I think I would only buy the Breitkopf if I was a scholar or an enthusiast or if my copy was falling apart. I haven’t played a church organ for about 50 years, so my copy is used primarily for listening to recordings (though I rarely do that now). The price of the Bärenreiter volume, although older, is roughly the same figure but in sterling, so Breitkopf is somewhat better economy.

Clifford Bartlett

Categories
Recording

Praetorius: Christmas Vespers

Apollo’s Fire | The Cleveland Baroque Orchestra, Jeannette Sorrell
74:40
Avie Records AV2306

[dropcap]T[/dropcap]his is a bit of a mixture. This “Christmas Vespers” is nothing like the McCreesh “Christmas Mass”, which has been used by performers in various parts of the world. It had the benefit of Robin Leaver as distinguished expert – he and I sat at the back row and heard the recording for the BBC before the CD was issued, but we talked rather too much!* This Apollo’s Fire CD is not one of their best. I won’t go into details, but the singing doesn’t have the clarity one expects from the period (c.1600-1620) and the rallentandos are particularly out of time: I haven’t got my Praetorius writings at hand, since much of my music has gone to a Cambridge library, but my recollection is that there is no change of speed except that the penultimate bar can be slower. I feel that the speed of pieces with high cornetti is just a fraction too quick. The title is misleading: McCreesh produced a full CD of Vespers, but this squashes a Lutheran Advent service and a Vespers for Christmas Day, neither being satisfactory.

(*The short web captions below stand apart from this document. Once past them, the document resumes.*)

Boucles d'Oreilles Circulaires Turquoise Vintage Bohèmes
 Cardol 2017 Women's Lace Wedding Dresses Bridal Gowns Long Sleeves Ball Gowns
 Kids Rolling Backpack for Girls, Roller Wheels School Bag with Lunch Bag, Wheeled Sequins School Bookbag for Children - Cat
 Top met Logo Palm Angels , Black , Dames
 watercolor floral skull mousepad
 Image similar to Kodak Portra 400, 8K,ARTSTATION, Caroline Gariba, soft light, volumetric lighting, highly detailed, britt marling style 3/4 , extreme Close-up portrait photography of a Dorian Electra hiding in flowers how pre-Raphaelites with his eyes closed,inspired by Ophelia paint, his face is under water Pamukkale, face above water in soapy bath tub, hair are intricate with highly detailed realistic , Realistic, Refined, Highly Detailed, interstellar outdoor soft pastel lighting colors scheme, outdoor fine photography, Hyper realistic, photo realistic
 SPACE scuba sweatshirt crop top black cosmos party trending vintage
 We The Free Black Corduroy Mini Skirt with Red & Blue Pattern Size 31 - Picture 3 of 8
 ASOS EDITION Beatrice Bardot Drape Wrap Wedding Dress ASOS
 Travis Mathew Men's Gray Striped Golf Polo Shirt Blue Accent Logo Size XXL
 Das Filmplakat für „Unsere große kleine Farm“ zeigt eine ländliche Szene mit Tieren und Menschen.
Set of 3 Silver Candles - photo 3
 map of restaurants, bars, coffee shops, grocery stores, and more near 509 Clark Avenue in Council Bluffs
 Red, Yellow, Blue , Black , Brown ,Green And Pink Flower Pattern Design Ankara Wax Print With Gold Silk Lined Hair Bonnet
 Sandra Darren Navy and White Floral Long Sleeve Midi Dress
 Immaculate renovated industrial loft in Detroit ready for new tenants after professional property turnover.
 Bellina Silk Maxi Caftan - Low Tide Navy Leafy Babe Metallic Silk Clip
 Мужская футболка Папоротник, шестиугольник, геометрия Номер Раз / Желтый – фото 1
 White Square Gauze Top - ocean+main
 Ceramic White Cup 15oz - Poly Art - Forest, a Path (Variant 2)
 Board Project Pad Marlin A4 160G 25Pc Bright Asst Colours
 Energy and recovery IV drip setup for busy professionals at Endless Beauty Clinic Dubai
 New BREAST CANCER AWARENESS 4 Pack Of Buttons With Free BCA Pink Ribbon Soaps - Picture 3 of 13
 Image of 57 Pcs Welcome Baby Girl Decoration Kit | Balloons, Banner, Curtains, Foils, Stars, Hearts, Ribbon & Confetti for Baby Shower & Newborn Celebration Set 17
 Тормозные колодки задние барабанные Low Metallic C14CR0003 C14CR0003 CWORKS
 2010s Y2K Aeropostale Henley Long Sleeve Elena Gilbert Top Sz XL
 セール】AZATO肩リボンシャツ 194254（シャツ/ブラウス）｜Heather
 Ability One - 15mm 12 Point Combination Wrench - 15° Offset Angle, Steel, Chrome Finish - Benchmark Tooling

Individual pieces don’t always work. One of my favourites is Puer natus: Ein Kind geborn. There are more dynamics needed: think of quiet, medium and loud sections. The Sinfonia should surely stay at the soft level (mp), without stressing each bar in the triple time. The vocal trio and Bc needs a normal sound, but the ritornelli are short and strong. The final section (from “Mein Herzens kindlein”) has full forces but ends quietly – follow the text – and in general, the text needs more variety of the stress of the accents. This sounds as if I’m a modernist, but the tempo is rigid (except as noted above) and it will sound much more Praetorian than anything else on this disc. I’m not convinced that Jeannette Sorrell is adequately aware of early baroque, though she is far better in late baroque. Two specific errors are having a cello (which appeared in the 1640s) and a double bass (which became standard in 1702 in France). The lowest pitch would have been the G or F below the bass sackbut’s B flat.

*The Michael Praetorius Christmas Mass was recorded by The Gabrieli Consort and Players (Archiv 439-250-2). I prepared the musical edition, which is available from The Early Music Company Ltd. The solo organ pieces were contributed by Tim Roberts and are not in the score.